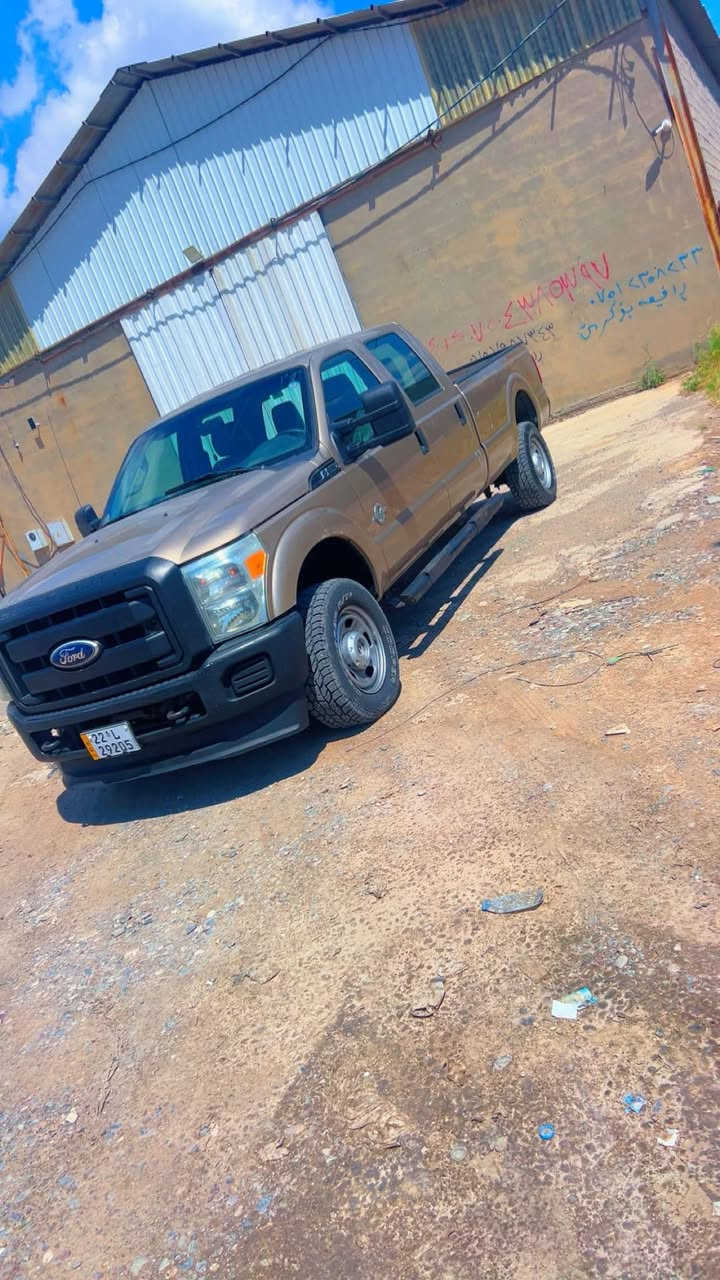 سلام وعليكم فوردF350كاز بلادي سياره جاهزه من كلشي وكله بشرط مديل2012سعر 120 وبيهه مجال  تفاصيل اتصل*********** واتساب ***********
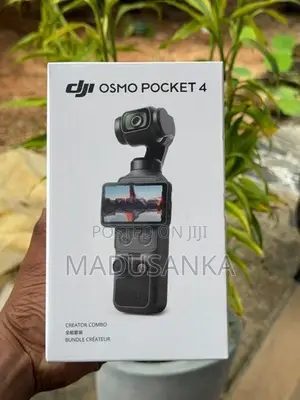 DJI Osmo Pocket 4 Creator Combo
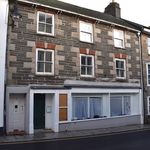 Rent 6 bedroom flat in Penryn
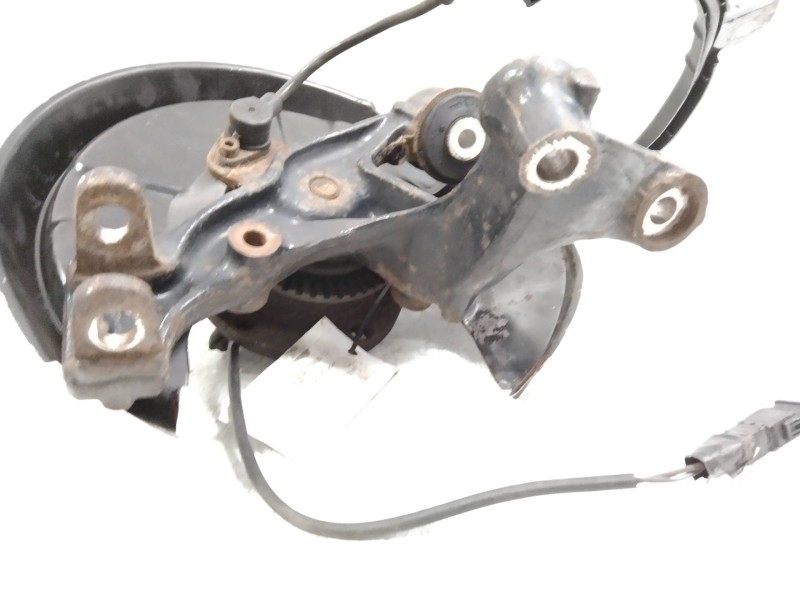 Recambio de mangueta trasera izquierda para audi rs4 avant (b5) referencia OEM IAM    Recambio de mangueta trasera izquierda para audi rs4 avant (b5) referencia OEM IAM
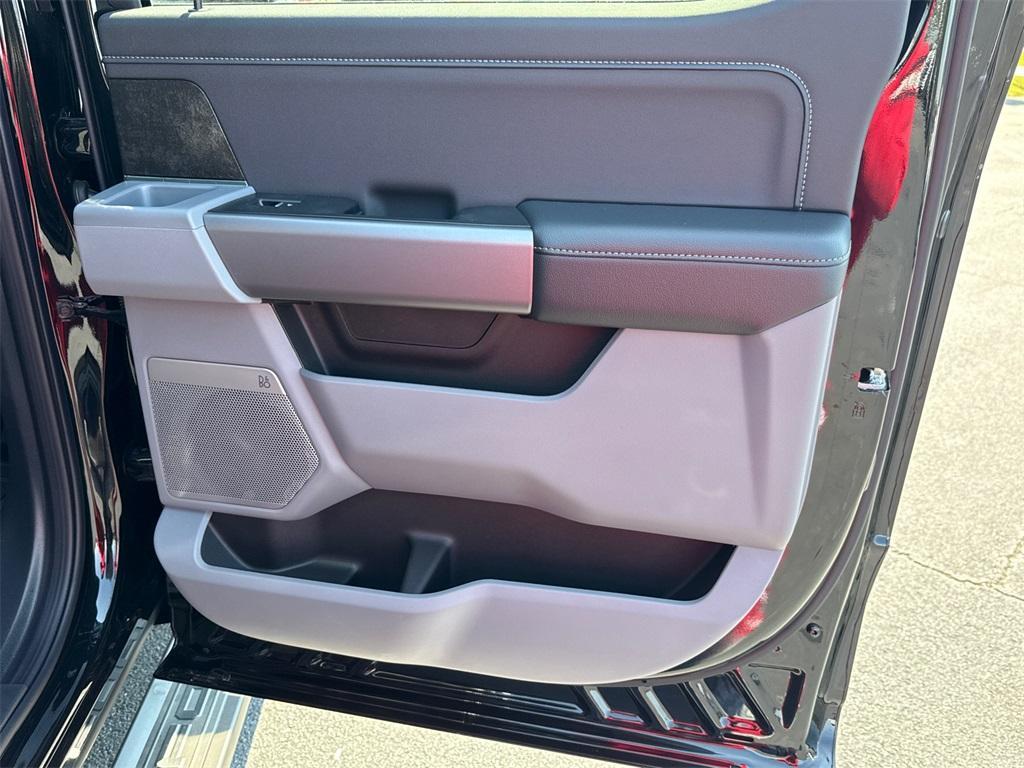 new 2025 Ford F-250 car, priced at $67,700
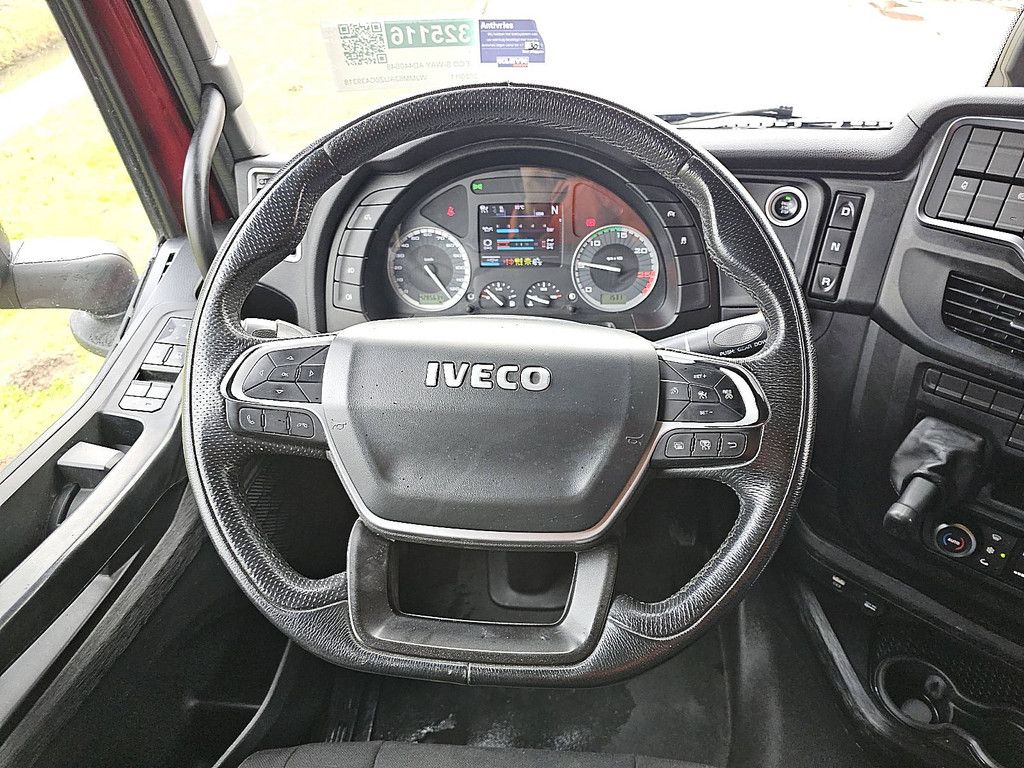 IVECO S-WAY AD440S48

┄┄┄┄┄┄

▶ [PROBLEM TO SOLVE] Please write out all the data word for word, but keep every picture out.

▶ [SOLUTION FOR THIS EXERCISE]
 سلام وعليكم فوردF350كاز بلادي سياره جاهزه من كلشي وكله بشرط مديل2012سعر 120 وبيهه مجال  تفاصيل اتصل*********** واتساب ***********
 DJI Osmo Pocket 4 Creator Combo
 Rent 6 bedroom flat in Penryn
 Recambio de mangueta trasera izquierda para audi rs4 avant (b5) referencia OEM IAM    Recambio de mangueta trasera izquierda para audi rs4 avant (b5) referencia OEM IAM
 new 2025 Ford F-250 car, priced at $67,700
 IVECO S-WAY AD440S48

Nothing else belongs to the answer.